It has been known for some time that the mutation varies across genomes at a variety of different scales. In humans this variation is most evident at the single nucleotide level, where the context of a site affects its rate of mutation; for example, a C followed by a G has a mutation rate 10-times the average mutation rate. We have recently shown, however that there is substantial variation in the mutation rate that is not associated with context effect (Hodgkinson and Eyre-Walker 2010a; Hodgkinson, et al. 2009). This is profoundly puzzling; how can a specific site have a higher mutation rate than the adjacent sites and this have nothing to do with sequence context. We have also produced some evidence that there is a mutational mechanism that generates two mutations, at the same site simultaneously (Hodgkinson and Eyre-Walker 2010b).
There is also variation in the mutation rate at a much larger scale. We are currently investigating at what scale this variation occurs in both the germ-line and somatic tissue (Hodgkinson, et al. 2012), and whether this impacts the genetic structure of inherited disease.
Hodgkinson A, Chen Y, Eyre-Walker A 2012. The large scale distribution of somatic mutations in cancer genomes.
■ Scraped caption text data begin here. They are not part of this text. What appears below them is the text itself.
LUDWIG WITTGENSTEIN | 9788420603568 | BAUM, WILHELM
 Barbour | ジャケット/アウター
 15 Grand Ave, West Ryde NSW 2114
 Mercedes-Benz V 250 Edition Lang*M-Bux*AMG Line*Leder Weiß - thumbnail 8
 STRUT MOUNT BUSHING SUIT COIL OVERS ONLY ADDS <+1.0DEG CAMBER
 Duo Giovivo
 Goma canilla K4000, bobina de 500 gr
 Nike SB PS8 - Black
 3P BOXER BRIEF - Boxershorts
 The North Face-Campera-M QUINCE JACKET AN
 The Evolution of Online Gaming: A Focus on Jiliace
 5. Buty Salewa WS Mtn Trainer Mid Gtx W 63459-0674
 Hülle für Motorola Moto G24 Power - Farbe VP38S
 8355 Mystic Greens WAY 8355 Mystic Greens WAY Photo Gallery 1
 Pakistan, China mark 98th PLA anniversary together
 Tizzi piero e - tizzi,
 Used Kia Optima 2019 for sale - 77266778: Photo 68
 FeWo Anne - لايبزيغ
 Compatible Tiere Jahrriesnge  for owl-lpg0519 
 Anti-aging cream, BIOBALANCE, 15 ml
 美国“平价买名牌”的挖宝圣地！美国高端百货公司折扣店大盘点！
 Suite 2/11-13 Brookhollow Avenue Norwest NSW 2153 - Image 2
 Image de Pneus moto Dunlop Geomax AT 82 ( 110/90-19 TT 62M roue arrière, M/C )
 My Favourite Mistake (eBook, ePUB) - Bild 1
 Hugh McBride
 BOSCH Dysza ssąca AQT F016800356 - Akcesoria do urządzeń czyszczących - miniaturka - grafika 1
Human Mutation 33: 136-143.
Hodgkinson A, Eyre-Walker A 2010a. The genomic distribution and local context of coincident SNPs in human and chimpanzee. Genome Biol Evol 2: 547-557.
Hodgkinson A, Eyre-Walker A 2010b. Human triallelic sites: evidence for a new mutational mechanism? Genetics 184: 233-241.
10.1534/genetics.109.110510
Hodgkinson A, Ladoukakis E, Eyre-Walker A 2009. Cryptic Variation in the Human Mutation Rate. PLoS Biol 7: e27.